By Marc Anley and Kalyani Vasan

Singapore’s real estate sector will soon see a tightening of its customer and transaction due diligence requirements. From 28 June 2023, property developers will need to implement enhanced measures to prevent money laundering and terrorism financing. This will include the requirement to conduct customer due diligence (CDD) checks on new and existing property purchasers.

These requirements will be regulated under the Housing Developers (Control & Licensing) Act and Sale of Commercial Properties Act. These new rules have been put in place by the Urban Redevelopment Authority (URA) to tackle the risk of money laundering and terrorism financing in the real estate sector.

It will be mandatory for developers to conduct due diligence checks on purchasers, notify purchasers (in the prescribed form) of the documents and information that developers must obtain, and keep proper records of these checks. If they suspect any money laundering or terrorism financing activity, developers will need to submit a report to the Suspicious Transaction Reporting Office of the Commercial Affairs Department.
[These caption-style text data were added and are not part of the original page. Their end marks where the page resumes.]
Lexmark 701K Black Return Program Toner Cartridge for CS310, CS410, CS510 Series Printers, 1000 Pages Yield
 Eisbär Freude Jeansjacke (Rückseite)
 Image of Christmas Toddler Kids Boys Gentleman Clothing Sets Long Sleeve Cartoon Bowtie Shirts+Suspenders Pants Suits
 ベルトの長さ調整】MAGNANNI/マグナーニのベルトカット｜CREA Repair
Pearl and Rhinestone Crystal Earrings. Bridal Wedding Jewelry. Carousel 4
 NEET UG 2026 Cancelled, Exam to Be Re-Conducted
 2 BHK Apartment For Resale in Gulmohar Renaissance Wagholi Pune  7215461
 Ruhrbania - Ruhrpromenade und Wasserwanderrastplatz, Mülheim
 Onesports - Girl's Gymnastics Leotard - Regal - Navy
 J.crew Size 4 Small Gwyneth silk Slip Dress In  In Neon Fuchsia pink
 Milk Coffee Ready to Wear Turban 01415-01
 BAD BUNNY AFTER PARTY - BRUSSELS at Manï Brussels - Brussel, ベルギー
URA has stated that developers must consider various factors, such as whether the purchaser is from a country that is subject to increased monitoring, and screen them against lists in the Terrorism (Suppression of Financing) Act and the United Nations Act. In addition, developers can also screen purchasers against other sources of information, such as public websites or third-party screening databases.

There are several possible red flags that can indicate a suspicious transaction based on the purchaser’s profile and behaviour and transactional patterns. These red flags include:

Purchaser’s profile and behaviour

  • The use of a nominee to purchase the building
  • A lack of economic purpose behind the purchase
  • Misalignment between the type of property being purchased and the economic activity of the buyer
  • Use of front companies, shell companies or complex structures to mask the true beneficial owner
  • Source of funds, source of income and source of wealth are not in line with the background and profile of the purchaser

Transactional patterns

  • Purchase was made with a significant amount of cash or with the use of complex financial instruments
  • Payments were made from high-risk jurisdictions without any clear links to the purchaser
  • The transaction price is much higher or much lower than the property market value

Challenges faced by developers

The new requirements may pose challenges to developers as they formulate strategies and frameworks to ensure that the checks they conduct are sound.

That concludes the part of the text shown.